Training Stage Matcher

See how pretraining, instruction tuning, and RLHF each change the same model's behavior. Guess which training stage produced a response, then see all three side-by-side.

Pedagogical Goals

•Make the three-stage training pipeline concrete by showing real behavioral differences
•Let students discover that the base model is not broken, just trained for a different task (text prediction)
•Highlight the subtle but important difference between instruction tuning (follows directions) and RLHF (has preferences and values)
•Show that the warmth, safety awareness, and conversational style of modern AI assistants are the result of human choices during training

How It Works

The tool sends the same prompt to GPT three times with different system prompts that simulate each training stage. The base model prompt instructs the model to continue text like an autocomplete system. The instruction-tuned prompt makes it answer directly without warmth or judgment. The RLHF version uses the model's natural behavior.

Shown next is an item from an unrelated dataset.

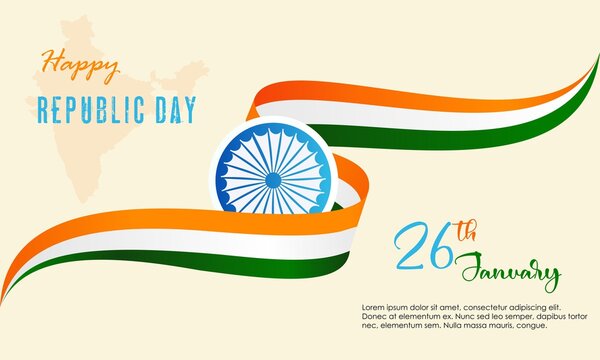 Happy indian republic day creative flag design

One response is shown and the student guesses which stage produced it, then all three are revealed for comparison.

How It Was Built

Built as a client component that calls a dedicated API endpoint. The server runs three parallel LLM calls with different system prompts and temperature settings (0.9 for base, 0.3 for instruction-tuned, 0.7 for RLHF), then returns the responses in a shuffled order. The client manages the guess-and-reveal flow with a simple state machine.